Perhaps....... (tabat) wrote in tabats,
Perhaps.......
tabat
tabats

a simple matter

A simple matter, yet seemingly difficult to grasp. I say time and time again that this life is only transient, but I fell alone, although in my intellect says different. Emotions are the sea, emotions are the depth. Sometimes it becomes very easy to drown in the emotion sea. It depths are extreme, from clear to murky, and it is teaming with a whole array of life that one may never discover the extremities of the species that dwell in it.

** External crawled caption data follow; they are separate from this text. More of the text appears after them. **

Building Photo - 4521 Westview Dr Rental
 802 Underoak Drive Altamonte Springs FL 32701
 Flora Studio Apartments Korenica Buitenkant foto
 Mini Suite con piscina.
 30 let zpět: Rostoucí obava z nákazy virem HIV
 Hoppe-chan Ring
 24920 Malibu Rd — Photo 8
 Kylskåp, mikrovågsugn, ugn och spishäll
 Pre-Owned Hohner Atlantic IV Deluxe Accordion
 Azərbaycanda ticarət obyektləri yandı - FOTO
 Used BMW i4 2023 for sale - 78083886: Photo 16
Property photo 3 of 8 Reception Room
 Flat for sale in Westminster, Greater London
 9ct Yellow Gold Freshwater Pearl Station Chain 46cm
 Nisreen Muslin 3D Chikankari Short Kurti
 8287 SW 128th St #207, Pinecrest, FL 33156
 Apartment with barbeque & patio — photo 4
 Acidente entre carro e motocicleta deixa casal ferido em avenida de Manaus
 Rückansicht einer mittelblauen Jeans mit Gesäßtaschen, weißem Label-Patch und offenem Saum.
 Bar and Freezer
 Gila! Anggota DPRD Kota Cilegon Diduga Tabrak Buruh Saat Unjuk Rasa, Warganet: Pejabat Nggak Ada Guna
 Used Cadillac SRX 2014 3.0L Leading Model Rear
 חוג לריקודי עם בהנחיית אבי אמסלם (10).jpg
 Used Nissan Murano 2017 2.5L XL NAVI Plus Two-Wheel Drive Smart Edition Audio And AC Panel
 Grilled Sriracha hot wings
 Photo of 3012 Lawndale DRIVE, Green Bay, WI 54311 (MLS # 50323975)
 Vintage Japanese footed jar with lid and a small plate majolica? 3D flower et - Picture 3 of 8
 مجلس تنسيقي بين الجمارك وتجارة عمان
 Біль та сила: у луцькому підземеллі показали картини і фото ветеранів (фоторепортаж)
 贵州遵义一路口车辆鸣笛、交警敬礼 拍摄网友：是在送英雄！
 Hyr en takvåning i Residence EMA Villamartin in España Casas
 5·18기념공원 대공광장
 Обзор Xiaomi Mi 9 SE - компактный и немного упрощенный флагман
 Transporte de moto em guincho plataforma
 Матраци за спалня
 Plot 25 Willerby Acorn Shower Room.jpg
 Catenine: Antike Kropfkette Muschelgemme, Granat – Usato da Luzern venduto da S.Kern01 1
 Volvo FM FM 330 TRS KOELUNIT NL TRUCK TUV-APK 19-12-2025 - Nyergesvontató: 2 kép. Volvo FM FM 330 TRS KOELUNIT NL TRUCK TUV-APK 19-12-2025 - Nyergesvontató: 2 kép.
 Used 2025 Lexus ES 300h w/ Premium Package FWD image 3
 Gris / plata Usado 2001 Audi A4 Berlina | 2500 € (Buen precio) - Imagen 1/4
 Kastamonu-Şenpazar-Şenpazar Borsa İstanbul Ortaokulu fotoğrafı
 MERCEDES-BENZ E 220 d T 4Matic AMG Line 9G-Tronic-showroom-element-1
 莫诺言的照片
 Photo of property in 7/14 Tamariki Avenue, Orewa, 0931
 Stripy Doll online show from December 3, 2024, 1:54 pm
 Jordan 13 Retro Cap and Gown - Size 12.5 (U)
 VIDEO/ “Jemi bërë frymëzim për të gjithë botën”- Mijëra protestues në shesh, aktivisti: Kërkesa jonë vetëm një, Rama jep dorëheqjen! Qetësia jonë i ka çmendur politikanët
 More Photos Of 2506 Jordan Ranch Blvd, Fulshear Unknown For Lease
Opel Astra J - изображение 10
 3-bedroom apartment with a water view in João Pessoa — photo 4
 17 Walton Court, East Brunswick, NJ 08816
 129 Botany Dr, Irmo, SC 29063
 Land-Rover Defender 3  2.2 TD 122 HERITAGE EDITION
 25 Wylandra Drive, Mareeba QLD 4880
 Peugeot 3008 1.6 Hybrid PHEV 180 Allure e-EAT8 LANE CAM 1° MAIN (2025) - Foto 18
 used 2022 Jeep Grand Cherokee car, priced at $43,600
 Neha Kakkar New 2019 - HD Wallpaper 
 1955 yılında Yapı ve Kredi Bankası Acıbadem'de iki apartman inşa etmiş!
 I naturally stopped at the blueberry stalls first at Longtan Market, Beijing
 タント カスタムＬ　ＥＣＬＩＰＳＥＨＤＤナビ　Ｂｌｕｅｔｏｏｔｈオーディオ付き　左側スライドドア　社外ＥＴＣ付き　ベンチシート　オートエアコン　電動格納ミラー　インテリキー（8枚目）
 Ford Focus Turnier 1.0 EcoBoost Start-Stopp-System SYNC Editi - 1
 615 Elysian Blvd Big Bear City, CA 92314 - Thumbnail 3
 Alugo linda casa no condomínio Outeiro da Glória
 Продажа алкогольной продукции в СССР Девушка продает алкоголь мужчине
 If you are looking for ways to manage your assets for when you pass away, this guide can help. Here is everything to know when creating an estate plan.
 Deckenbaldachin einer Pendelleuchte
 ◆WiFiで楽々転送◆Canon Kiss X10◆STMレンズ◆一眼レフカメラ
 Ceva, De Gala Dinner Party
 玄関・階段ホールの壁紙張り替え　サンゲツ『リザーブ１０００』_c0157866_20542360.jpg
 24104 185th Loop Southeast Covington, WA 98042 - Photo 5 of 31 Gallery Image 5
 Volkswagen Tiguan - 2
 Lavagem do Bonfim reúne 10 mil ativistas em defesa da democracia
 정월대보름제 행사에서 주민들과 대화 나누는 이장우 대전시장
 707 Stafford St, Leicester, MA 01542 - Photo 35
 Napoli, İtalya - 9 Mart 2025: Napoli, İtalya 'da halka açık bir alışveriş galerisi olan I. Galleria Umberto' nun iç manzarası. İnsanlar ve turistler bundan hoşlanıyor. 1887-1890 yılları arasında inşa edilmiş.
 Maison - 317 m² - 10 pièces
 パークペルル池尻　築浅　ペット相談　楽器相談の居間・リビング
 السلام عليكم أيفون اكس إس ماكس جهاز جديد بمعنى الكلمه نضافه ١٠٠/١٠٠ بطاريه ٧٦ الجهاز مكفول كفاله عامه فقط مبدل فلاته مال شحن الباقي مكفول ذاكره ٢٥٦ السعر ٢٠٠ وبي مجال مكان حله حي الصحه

Oh woe, I want to cry. Woe and weary. I know the pieces fit, but I have been struggling to swim for so long my flippers are weary. Maybe I’ll just float for a while..... Let the tides and waves sooth me gently into a calmness of collection. If I struggle to swim for too long, I know I shall drown. I long to float. To float and become one with the water surrounding me. To calmly except the streams of currents the vastness of its beauty. To become one. To accept. To become one with is to know of all its depths, its waves, its atoms, its life. Peacefully I wish to float on its chasm of elation, destruction, creation. And I know that I shall never dim if I accept the reality of all. It is a constant evolution yet all simply knowable. So simple, so simple are the complexities of this sea I swim. No more struggling, no more fighting. I shall learn to swim with the tides and float onward to beyond.